Seit er vor vier Jahren in den Nationalrat gewählt wurde, hat Pult auch Niederlagen eingefahren. Es sticht die verlorene Abstimmung zum Medienpaket vor bald zwei Jahren heraus: Als Präsident der nationalrätlichen Fernmeldekommission hatte er sich stark für die Vorlage eingesetzt, einen gutschweizerischen Medienförderungskompromiss. Andernorts gelang ihm Beachtliches. Erst kürzlich hat der Bundesrat endlich eine Verordnung zur Schaffung einer unabhängigen Expert:innenkommission für belastetes Kulturerbe verabschiedet – als Ergebnis einer Motion, die Pult vor zwei Jahren eingereicht hat. Dieser Erfolg stehe beispielhaft für seine Art, zu politisieren, sagt eine Weggefährtin: Über sämtliche Parteigrenzen hinweg habe er dafür Überzeugungsarbeit geleistet.

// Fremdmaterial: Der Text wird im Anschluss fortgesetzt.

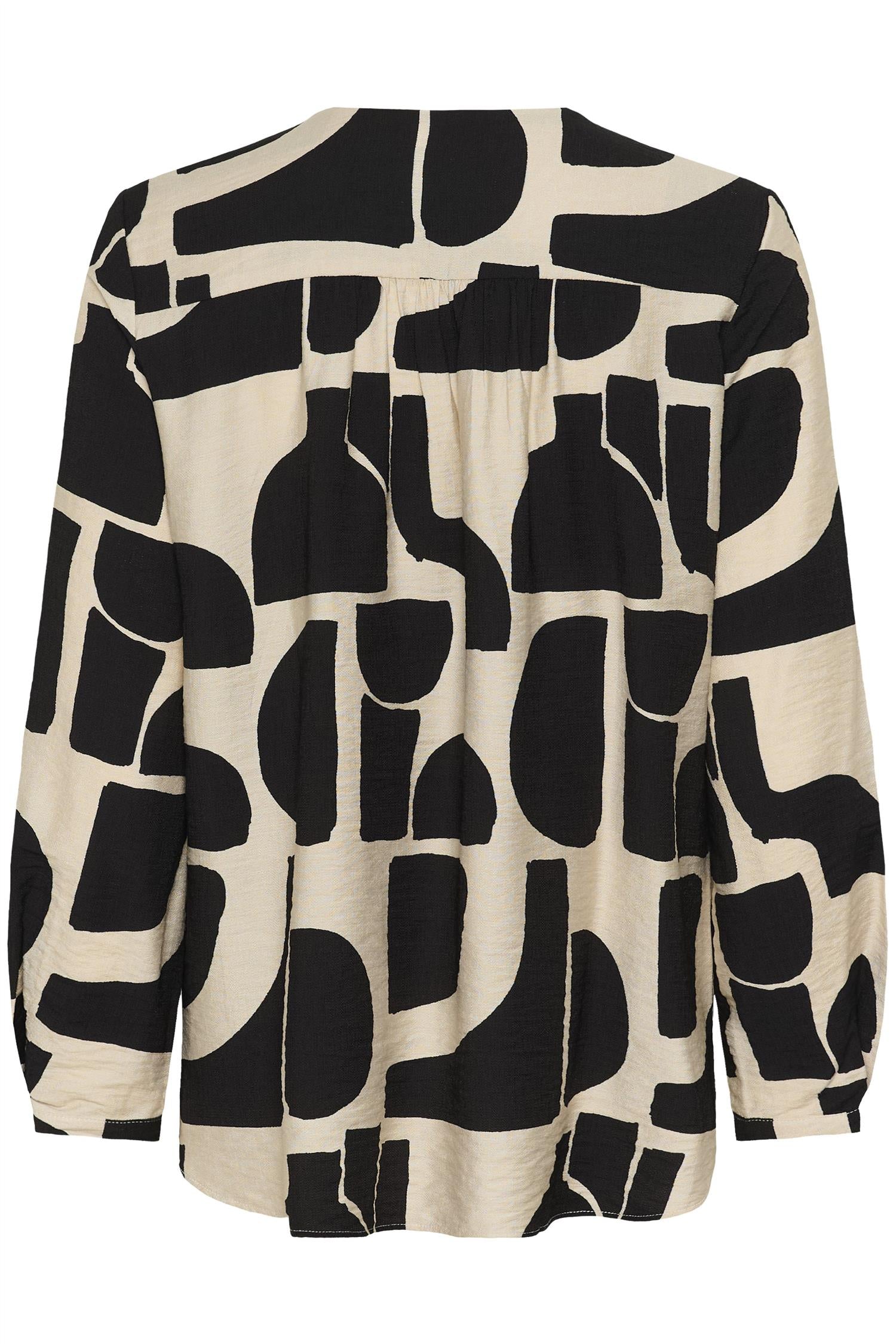 Lynniw Blouse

Das kommt auch auf der Gegenseite an. Früher, als Jungpolitiker, hätten sie im Bündnerland teils energisch gegeneinander gekämpft, sagt Martin Candinas von der Mitte-Partei. Heute lobt er seinen Nationalratskollegen für sein handwerkliches Können und die Zusammenarbeit in den Bereichen, bei denen man auf der gleichen Seite stehe: beim öffentlichen Verkehr oder auch in der Medienpolitik. «Auf ihn ist Verlass», sagt Candinas. Und als Präsident der Fernmeldekommission, in der Candinas ebenfalls sitzt, habe Pult bewiesen, dass er auch bundesrätlich auftreten könne: vermittelnd, sachlich, kollegial.

Weder Medienleute noch Unterstützer:innen vergessen jeweils zu unterstreichen, mit welch grossem rhetorischem Talent Jon Pult gesegnet sei. Dass er dieses als Strategie- und Kommunikationsberater aber gleich zu seinem Beruf gemacht hat, fliegt ihm derzeit um die Ohren: Manche Landwirt:innen im Parlament bezeichnen ihn aufgrund einer drei Jahre alten Agrarpolitkampagne seiner Zürcher Kommunikationsagentur mittlerweile als «unwählbar». Nun kann Pult beweisen, dass er auch diesen Graben noch rechtzeitig zuzuschütten vermag.

* Korrigendum vom 7. Dezember 2023: In der Printversion sowie in der alten Onlineversion steht fälschlicherweise Südwestschweiz. Korrekt ist natürlich: Südostschweiz.